- Education: Cornell University Harvard Business School
- Occupation: Business executive
- Employer: Lenox Group
- Known for: Former CEO of Lenox Group; former director of Wells Fargo

= Susan E. Engel =

Susan E. Engel is an American business executive. She is the retired chief executive officer of Lenox Group, Inc., and former member of the Wells Fargo & Company board of directors.

== Early life and education ==
Engel received her BS degree in industrial and labor relations from Cornell University in 1968 and her MBA degree from Harvard Business School in 1976. She began her business career with the J.C. Penney Company in 1968. In 1977 she joined Booz Allen Hamilton as vice president. From 1991 to 1994 she was president and chief executive officer of the Champion Products Division of Sara Lee.

== Career ==

=== Lenox ===
She joined Lenox Group, Inc. (formerly Department 56, Inc.), as president and chief operating officer in September 1994, a year after the company's initial public offering.

In February 1996 Engel was elected a director of Lenox Group. She was elected chairwoman and chief executive officer in November 1996. Early in 1998 Engel was elected a director of Norwest Corporation. Later that year Norwest merged with Wells Fargo, and she became a director of the latter.
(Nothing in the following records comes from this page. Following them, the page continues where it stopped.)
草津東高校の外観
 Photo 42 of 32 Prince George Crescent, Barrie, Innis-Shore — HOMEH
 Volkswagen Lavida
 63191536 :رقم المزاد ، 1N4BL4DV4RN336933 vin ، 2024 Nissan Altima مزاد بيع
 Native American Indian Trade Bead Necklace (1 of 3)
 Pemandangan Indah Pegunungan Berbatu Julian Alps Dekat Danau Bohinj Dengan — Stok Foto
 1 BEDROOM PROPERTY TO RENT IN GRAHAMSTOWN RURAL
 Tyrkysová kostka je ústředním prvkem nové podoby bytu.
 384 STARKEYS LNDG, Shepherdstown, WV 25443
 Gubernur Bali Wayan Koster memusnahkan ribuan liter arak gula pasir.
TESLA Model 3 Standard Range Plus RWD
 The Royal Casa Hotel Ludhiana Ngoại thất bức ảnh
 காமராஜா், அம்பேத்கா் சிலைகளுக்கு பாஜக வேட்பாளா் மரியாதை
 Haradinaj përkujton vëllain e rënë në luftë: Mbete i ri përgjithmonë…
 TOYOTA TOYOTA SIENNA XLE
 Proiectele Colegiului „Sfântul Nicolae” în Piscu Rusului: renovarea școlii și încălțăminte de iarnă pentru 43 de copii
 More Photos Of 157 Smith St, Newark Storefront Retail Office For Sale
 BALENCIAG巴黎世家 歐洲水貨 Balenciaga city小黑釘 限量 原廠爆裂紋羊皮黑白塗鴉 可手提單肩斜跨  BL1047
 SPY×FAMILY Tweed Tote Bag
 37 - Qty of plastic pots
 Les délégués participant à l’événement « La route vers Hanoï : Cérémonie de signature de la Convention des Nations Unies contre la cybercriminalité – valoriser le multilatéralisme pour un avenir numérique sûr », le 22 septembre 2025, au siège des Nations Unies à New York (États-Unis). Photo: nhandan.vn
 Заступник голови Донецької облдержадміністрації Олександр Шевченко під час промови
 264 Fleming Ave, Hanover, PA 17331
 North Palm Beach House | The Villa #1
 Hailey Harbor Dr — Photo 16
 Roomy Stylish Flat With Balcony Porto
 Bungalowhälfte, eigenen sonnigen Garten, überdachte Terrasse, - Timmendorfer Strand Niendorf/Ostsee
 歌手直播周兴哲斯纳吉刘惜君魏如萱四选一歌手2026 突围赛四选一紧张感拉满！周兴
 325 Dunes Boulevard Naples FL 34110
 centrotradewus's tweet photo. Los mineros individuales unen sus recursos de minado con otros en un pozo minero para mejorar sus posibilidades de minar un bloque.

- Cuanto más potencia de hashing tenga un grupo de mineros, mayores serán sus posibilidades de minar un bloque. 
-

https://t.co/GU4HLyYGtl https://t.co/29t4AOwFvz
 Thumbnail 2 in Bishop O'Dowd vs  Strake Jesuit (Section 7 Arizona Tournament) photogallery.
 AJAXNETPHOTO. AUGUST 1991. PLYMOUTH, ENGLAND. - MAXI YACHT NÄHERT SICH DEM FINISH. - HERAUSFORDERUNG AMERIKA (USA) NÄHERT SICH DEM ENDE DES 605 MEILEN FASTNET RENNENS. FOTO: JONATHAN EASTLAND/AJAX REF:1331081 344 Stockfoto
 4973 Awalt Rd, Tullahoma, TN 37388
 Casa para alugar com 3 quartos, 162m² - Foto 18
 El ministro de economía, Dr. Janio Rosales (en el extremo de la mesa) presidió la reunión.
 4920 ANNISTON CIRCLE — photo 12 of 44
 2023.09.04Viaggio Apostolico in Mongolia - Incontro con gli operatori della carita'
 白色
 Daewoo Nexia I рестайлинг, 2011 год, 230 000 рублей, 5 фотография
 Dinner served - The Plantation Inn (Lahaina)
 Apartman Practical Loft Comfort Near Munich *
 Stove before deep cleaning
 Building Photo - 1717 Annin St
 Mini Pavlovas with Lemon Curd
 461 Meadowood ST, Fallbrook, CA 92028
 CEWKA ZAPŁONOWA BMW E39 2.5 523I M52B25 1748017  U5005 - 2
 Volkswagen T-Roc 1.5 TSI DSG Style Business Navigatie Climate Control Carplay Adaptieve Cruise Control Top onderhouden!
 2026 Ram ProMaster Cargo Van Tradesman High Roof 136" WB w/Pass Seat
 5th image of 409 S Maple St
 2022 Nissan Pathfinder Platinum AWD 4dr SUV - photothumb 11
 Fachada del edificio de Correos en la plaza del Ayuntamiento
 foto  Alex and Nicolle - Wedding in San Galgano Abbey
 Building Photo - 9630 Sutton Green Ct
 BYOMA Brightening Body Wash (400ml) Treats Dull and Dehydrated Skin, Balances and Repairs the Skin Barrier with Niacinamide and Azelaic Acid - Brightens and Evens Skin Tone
She was elected a director of Supervalu, Inc., in 1999.

Engel retired as chairwoman, CEO and a director of Lenox Group in 2007. Besides serving as a director and SuperValu, she is also a member of the board of overseers of the Carlson School of Management at the University of Minnesota.

In the political realm, she has been a member of Obama for Illinois, John Kerry for president, Hillary Clinton for president, Al Franken for Senate, and the Minneapolis Board of Advisers of the League of Women Voters.

=== Wells Fargo & Company ===
Engel served as director from May 1998 until April 2017.

On February 28, 2017, Engel, informed the company that she would not stand for re-election and will retire as a member of the Board at the company's Annual Meeting of Stockholders on April 25, 2017.